My left knee was talking to me this spring and summer. I went down to Jikoji for Kobun’s memorial, and brought home the book of Kobun anecdotes and stories that Vanja Palmers put together for the sangha (what a guy!). In the book, there’s a story of how someone heard Kobun could get into the lotus without using his hands. When he was asked about it, he demonstrated that he could. Although I can’t do what he did, if I aim to do that I find I can get in the posture without my knees talking to me.
There is a stretch at the hips in the lotus no doubt, but there is also stretch at the ilio-sacral “joints”. Observing the stretch at the sacrum was my entry to sitting the lotus in zazen.
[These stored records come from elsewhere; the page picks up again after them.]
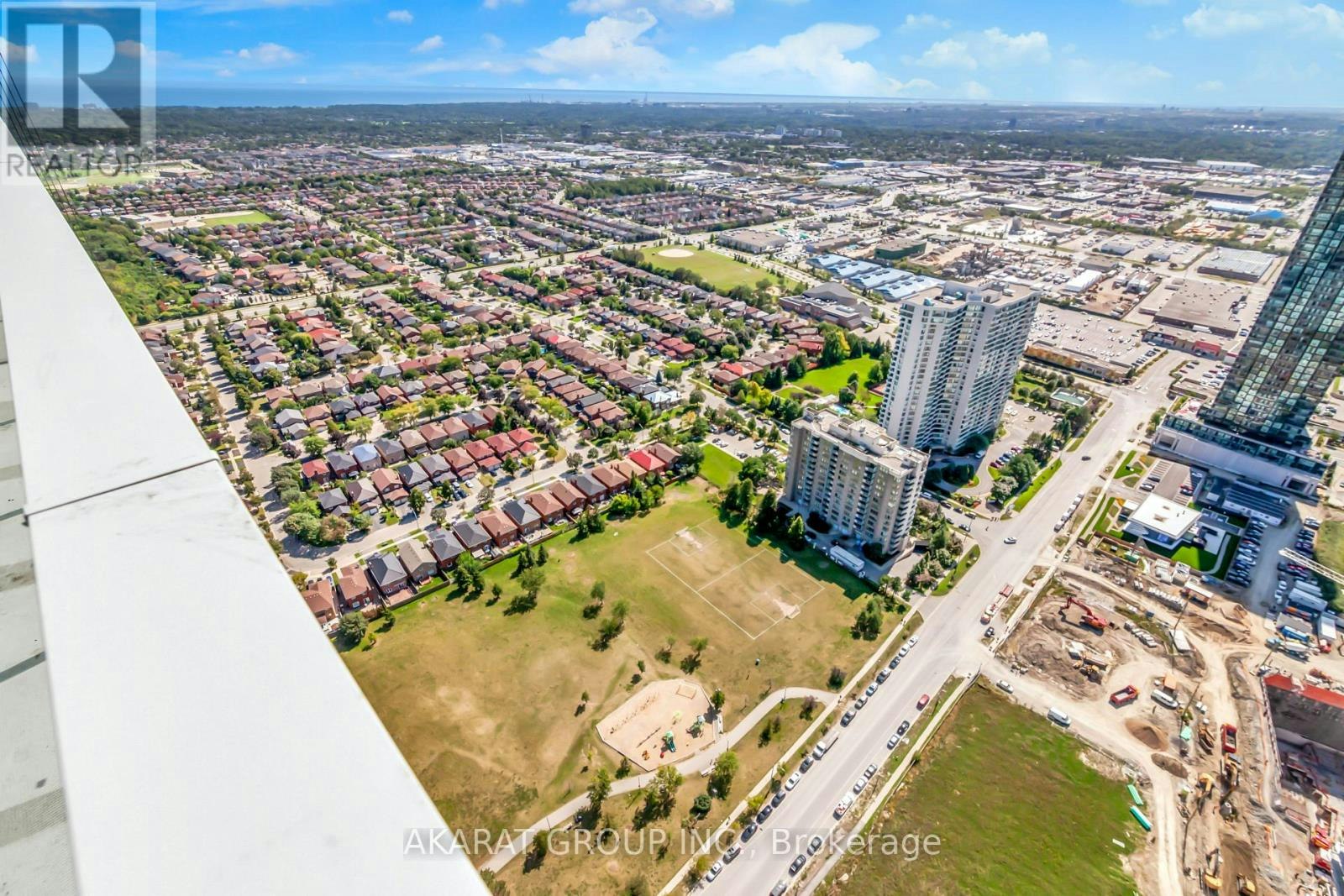 4809-3883 Quartz Road, Mississauga, ON, L5B 0M4 - 46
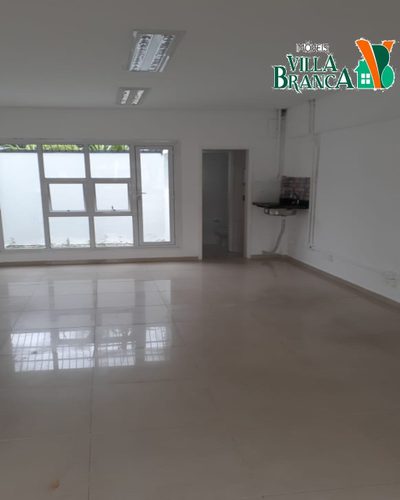 Sala-Conjunto - Foto 1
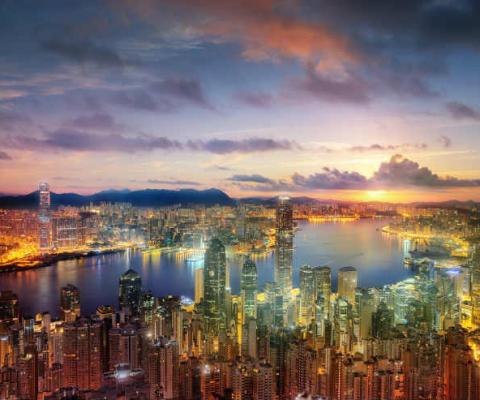 Hong Kong  background slide breakfast.jpg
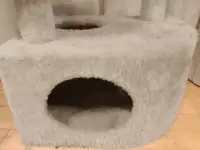 Дои для кота, фотография 2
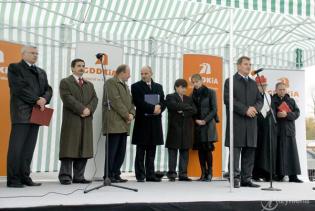 Fot. Tomasz Dytko, inzynieria.com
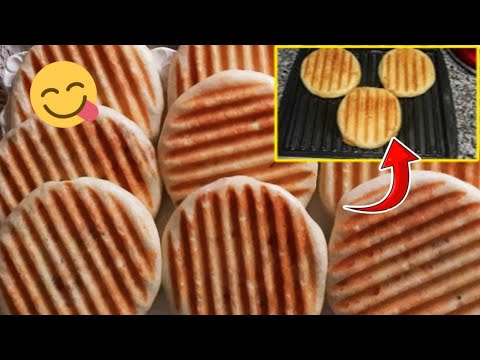 بلا عداب بطبوط سهل بلا متسناي اخمر وتكرصيه وتسنا اطلع ليك هدي خفا زربا برمشة عين اوجد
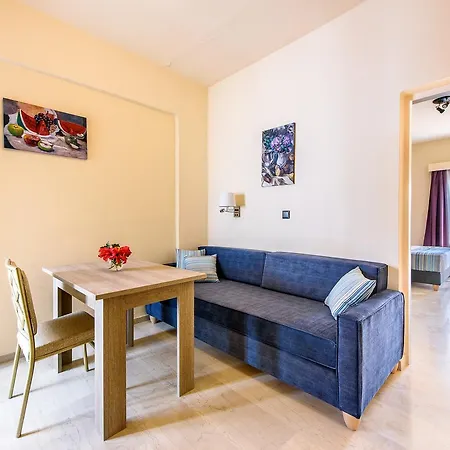 Kleanthi Apartments-2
Nevertheless, the practice of zazen is to allow the present sense of location to open the feeling necessary to the movement of breath. I am writing now concerning the role of the senses of equilibrium, gravity and proprioception in the location of awareness, and I discover that for me equilibrium brings forward the hammocking of the hips through activity of the obturator muscles, the turning of the wings of the pelvis by the sartorious muscles, and the rocking of the pelvis on the sit bones by the extensor and psoas muscles. When the activity of the piriformis muscles and gluteous muscles in a counter-rotation to sartorius of the sacrum comes forward, the necessity of breath in the placement of awareness and the ability to feel can include “the infinity of ether” in the ten directions, so to speak.
For me, it’s very important to my knees to realize that the activity from the soles of my feet to the crown of my head and from the crown of my head to the soles of my feet can turn the sacrum one way and the pelvis the other, and that this activity is engendered through the location of awareness and the ability to feel that arises in the necessity of the movement of breath at the moment.